▶ Exercise description: Across the records that follow, give the number of lines containing the word "квартира" and nothing else.

[Short web captions]
⟨

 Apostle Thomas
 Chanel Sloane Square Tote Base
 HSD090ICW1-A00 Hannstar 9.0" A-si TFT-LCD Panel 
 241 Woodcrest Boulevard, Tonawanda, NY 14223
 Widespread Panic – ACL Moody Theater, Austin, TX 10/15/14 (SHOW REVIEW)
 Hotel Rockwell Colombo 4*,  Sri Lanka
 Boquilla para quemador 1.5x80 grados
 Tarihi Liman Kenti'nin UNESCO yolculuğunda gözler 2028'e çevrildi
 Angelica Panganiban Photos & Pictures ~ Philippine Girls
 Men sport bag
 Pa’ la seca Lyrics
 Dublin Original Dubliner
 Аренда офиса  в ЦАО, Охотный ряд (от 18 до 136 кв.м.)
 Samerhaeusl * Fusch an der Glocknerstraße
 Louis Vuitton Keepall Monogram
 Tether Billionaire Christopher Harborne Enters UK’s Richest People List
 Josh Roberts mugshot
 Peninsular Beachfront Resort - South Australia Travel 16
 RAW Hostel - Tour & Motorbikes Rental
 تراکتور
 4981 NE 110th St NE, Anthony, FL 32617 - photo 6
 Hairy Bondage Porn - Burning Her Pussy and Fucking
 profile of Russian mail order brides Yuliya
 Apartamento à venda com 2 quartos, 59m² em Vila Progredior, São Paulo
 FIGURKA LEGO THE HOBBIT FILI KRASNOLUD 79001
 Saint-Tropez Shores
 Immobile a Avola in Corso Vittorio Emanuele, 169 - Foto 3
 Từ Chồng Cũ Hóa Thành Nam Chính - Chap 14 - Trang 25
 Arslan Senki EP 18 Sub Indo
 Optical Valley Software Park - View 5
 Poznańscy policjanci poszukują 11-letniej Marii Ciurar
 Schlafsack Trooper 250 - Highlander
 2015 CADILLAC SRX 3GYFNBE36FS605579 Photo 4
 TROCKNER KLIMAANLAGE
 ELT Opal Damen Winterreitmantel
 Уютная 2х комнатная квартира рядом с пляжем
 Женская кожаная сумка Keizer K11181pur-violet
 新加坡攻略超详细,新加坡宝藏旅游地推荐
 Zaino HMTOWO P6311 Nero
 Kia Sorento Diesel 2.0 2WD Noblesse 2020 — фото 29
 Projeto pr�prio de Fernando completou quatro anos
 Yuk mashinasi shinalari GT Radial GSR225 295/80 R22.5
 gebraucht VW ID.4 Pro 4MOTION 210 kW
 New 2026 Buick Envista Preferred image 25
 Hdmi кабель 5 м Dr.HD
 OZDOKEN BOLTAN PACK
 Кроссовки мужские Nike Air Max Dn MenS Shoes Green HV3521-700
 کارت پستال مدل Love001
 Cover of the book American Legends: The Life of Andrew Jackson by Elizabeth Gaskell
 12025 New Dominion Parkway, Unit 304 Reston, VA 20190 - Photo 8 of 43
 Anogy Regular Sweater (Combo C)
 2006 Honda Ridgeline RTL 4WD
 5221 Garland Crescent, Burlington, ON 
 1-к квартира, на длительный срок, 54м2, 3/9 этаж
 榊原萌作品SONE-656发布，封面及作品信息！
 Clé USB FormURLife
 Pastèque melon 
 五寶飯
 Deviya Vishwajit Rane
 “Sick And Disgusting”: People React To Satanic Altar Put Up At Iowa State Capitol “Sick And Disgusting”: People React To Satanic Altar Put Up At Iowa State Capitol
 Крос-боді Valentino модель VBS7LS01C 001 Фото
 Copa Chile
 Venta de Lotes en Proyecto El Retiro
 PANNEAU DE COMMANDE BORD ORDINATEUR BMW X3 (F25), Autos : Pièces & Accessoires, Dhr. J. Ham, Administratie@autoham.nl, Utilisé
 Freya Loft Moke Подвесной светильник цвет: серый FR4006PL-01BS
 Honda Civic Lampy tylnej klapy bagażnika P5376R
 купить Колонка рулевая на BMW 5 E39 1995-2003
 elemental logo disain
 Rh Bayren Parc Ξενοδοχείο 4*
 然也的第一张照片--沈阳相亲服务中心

⟩

▶ Solved exercise: 2